Stored records
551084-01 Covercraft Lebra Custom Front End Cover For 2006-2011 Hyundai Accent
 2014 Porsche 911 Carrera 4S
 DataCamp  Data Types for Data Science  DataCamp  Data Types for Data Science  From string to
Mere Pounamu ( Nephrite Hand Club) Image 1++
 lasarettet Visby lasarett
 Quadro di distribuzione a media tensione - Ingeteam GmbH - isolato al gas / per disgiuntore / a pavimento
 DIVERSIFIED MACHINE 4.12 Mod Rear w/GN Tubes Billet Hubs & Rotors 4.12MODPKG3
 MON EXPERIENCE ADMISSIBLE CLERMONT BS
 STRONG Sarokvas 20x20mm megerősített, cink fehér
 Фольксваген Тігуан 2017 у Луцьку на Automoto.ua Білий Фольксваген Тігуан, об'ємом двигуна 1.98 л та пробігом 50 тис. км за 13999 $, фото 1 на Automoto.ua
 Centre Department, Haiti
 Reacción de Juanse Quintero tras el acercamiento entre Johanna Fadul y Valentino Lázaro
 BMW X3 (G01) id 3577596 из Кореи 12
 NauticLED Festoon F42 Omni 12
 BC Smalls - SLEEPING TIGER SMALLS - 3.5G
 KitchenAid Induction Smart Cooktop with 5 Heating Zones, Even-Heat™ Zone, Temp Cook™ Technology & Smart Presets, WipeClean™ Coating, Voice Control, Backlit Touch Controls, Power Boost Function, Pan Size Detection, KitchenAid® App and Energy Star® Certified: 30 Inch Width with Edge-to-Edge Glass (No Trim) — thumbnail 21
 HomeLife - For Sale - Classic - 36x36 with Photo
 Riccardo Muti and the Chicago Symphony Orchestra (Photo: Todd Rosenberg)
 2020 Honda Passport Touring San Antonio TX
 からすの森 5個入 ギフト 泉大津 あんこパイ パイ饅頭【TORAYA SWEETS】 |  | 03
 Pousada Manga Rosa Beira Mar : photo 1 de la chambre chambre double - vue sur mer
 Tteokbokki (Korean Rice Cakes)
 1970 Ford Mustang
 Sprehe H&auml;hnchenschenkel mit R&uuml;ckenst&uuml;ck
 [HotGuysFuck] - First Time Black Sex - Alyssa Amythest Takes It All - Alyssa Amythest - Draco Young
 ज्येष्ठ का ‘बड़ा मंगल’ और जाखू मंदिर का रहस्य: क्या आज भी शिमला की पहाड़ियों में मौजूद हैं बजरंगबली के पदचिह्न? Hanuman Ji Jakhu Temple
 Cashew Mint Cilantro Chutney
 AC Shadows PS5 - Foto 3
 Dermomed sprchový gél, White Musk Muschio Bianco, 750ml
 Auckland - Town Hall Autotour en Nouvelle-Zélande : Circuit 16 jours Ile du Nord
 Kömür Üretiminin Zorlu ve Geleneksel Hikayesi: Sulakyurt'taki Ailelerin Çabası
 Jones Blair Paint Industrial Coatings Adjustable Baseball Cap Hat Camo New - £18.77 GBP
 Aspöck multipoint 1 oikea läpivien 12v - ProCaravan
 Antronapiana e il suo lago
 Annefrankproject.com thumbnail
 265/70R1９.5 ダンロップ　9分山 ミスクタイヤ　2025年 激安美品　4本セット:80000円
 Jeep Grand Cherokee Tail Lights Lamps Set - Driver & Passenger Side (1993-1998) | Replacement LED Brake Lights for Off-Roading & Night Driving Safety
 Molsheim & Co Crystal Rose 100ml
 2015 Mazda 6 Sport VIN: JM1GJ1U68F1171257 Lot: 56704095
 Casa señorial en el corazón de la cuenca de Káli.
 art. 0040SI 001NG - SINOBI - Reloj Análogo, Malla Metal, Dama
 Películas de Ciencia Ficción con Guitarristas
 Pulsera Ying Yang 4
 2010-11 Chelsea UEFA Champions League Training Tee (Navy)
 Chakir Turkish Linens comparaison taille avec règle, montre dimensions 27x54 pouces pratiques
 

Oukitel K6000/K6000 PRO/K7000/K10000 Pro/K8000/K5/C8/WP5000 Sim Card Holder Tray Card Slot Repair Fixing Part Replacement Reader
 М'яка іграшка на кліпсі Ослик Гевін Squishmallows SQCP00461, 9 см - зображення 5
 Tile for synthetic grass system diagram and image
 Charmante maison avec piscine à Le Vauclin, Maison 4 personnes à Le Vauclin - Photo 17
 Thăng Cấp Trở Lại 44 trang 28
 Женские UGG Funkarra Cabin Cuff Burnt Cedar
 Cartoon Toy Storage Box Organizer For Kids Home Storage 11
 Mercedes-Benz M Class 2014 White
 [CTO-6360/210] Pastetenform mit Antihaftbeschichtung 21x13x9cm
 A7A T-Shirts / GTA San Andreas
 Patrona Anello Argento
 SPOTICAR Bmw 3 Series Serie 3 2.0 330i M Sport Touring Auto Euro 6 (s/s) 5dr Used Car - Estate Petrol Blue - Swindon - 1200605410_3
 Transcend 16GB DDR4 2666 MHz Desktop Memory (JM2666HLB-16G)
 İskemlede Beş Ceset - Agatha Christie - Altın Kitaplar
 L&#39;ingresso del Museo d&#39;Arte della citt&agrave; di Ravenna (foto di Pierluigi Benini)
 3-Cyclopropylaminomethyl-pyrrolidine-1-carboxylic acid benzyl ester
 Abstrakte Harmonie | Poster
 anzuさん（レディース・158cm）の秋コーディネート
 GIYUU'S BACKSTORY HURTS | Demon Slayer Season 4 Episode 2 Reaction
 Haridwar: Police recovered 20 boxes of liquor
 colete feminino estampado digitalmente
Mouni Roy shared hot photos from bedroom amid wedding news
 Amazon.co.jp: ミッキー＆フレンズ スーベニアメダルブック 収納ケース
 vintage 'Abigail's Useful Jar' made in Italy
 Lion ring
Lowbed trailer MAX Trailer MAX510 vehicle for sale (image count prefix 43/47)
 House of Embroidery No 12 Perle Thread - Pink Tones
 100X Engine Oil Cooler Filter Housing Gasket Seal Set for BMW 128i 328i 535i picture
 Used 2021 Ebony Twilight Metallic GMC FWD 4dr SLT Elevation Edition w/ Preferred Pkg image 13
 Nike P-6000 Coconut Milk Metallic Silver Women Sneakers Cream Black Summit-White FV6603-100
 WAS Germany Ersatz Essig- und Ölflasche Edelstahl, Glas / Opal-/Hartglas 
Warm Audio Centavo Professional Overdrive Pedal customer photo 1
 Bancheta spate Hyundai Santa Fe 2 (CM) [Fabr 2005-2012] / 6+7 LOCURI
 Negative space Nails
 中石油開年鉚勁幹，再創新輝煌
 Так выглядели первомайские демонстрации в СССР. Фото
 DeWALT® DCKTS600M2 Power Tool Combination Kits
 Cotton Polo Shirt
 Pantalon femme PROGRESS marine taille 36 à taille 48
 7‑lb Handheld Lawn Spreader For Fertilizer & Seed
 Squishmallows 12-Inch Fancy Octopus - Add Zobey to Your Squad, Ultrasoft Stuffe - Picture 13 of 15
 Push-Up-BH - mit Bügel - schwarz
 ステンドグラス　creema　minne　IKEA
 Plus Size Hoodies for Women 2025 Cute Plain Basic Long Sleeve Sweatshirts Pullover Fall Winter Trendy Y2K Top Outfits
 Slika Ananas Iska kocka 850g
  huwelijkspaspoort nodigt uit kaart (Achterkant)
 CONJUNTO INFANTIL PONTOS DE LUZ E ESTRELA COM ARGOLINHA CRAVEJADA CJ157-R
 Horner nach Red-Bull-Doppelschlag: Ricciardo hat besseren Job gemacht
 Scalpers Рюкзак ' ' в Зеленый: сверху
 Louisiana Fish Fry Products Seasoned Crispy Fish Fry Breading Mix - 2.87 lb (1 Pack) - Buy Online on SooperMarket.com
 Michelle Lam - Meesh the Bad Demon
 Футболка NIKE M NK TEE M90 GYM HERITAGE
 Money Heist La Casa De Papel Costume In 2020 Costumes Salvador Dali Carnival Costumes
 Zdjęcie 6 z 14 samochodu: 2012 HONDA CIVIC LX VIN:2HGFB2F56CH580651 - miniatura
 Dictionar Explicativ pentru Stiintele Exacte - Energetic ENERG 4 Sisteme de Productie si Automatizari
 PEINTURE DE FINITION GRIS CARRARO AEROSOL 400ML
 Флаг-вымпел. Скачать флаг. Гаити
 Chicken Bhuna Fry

WHAT THE TASK REQUIRES:
Copy out every line above where "Used" is present.

YOUR SOLUTION:
 SPOTICAR Bmw 3 Series Serie 3 2.0 330i M Sport Touring Auto Euro 6 (s/s) 5dr Used Car - Estate Petrol Blue - Swindon - 1200605410_3
 Used 2021 Ebony Twilight Metallic GMC FWD 4dr SLT Elevation Edition w/ Preferred Pkg image 13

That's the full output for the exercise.